Hi. First post. I'm an intermediate user, but this is stumping me entirely. Resident Evil 4 runs fine, graphically. No problems; I have an XFX nVidia 8600GT video card. Problem is this: During full-motion-videos (FMVS, movies, cutscenes), the sound is fine. However, when the game switches into regular gameplay, I have absolutely no sound (no footsteps as I walk, no gunshot sound when I shoot, no environmental sounds--it is completely silent). As soon as I trigger an FMV, the sound is there, just fine--but then goes back to silence when I get control of the character again.

I have been at this all day. I know the folder in the game directory containing the sounds is ogg.dat. I have made sure that I have the latest .ogg codecs installed. In fact, I was able to obtain a file from a modding site where someone had extracted some of the sounds themselves, and I tested those (like the individual footsteps, or the wind whooshing), and the individual .ogg files will play in my media player, so I know the codec is in place and working correctly. The original ogg.dat file (which contains the sounds in the game directory) is about 728 kb in size; I'm not sure what that means, but it doesn't appear like I got a bum disc that is missing files or anything.

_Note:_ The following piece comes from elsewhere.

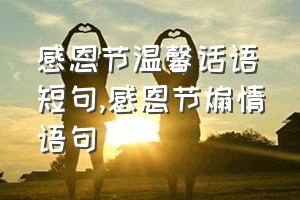 感恩节温馨话语短句（感恩节煽情语句）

It just seems like the sounds are not being utlized or triggered properly by the game itself.

I have installed and uninstalled the game 3x. Same results each time. Should I just go and get another copy or something? Ever hear of anything like this?

Phrakus


----------



## Phrakus (Jan 19, 2009)

UGH.

Hardware acceleration (Control Panel>Sounds>Audio>Sound Playback>Advanced Audio Properties>Performance).

That was it. 12 hours later, and that was the problem. Had it on Full Acceleration, so I turned it off (emulate only). 

Wonderful sounds all around...

Phrakus


----------